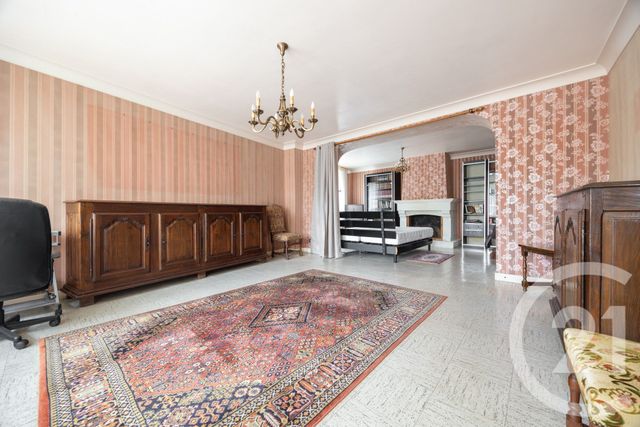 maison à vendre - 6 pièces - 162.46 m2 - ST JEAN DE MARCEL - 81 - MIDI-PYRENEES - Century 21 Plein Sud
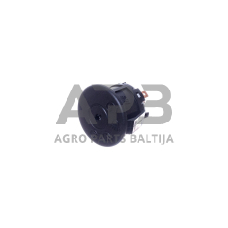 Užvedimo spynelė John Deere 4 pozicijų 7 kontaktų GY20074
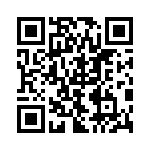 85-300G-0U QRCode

┄┄┄┄┄┄

• **INSTRUCTIONS FOR THE TASK**
The material above should be returned exactly, without pictures.

• **RESULT FOR THIS TASK**
 maison à vendre - 6 pièces - 162.46 m2 - ST JEAN DE MARCEL - 81 - MIDI-PYRENEES - Century 21 Plein Sud
 Užvedimo spynelė John Deere 4 pozicijų 7 kontaktų GY20074
 85-300G-0U QRCode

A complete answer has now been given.